Apologies, but yet another basic question.
We recently retired the Jamf NetSUS server in our environment, and before we go down the route of building a new one, we wanted to trial just allowing the Macs to go out to Apple and pull down updates, since that seems to be the way Apple are ultimately heading.
As such, we took off the configuration profile pointing the Macs towards our old NetSUS box, then set up a static test group of machines set to run a standard jamf "software update" policy every day, set to install updates direct from Apple. Then the plan was just to bite the bullet and push updates to the rest of the estate roughly once every two weeks if we're confident all is ok with the current batch.
However, on checking the machines that have run the policy already, I can see the likes of Safari and iTunes have picked up updates where necessary, but none of the machines are updating between OSX versions. So we have a lot of Macs stuck on 10.13.4 rather than 10.13.6, for example.
Am I missing something with the way we should be deploying these? Is using the "Software Update" policy within Jamf and pointing it towards Apple's servers incorrect?
Thanks for your help everyone, as ever.
Posted on 11-15-2018 03:57 AM
Realised this is a bit of a wall of text... apologies.
The summary of the question is: should the Jamf "Software Update" policy payload, pointed at Apple's update servers, pick up major releases to go between versions? i.e. 10.13.4 to 10.13.5, etc?
Posted on 11-15-2018 06:05 AM
Yes, in my experience that is how the Software Updates payload works.
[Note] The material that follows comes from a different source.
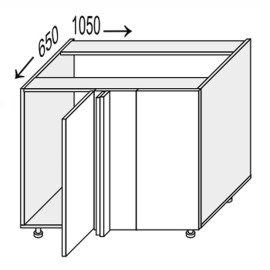 Кухонная секция Винтаж нижняя Угол Н 90° 1050х650/820 1дв VN-093W/9003 MiroMark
It should go handle the minor release 10.x.1 to 10.x.2 and security updates. I prefer using Apple's built-in tools for updating the operating system (we use a script to enable automatic updates), but these work too.
Posted on 11-15-2018 07:07 AM
Maybe that's where we're going wrong with this. We have a script in place to disable automatic updates on all our Macs, and I had presumed the Jamf policy would override this when it's running, but is it worth turning automatic updates on, running the Jamf payload and then turning them back off again?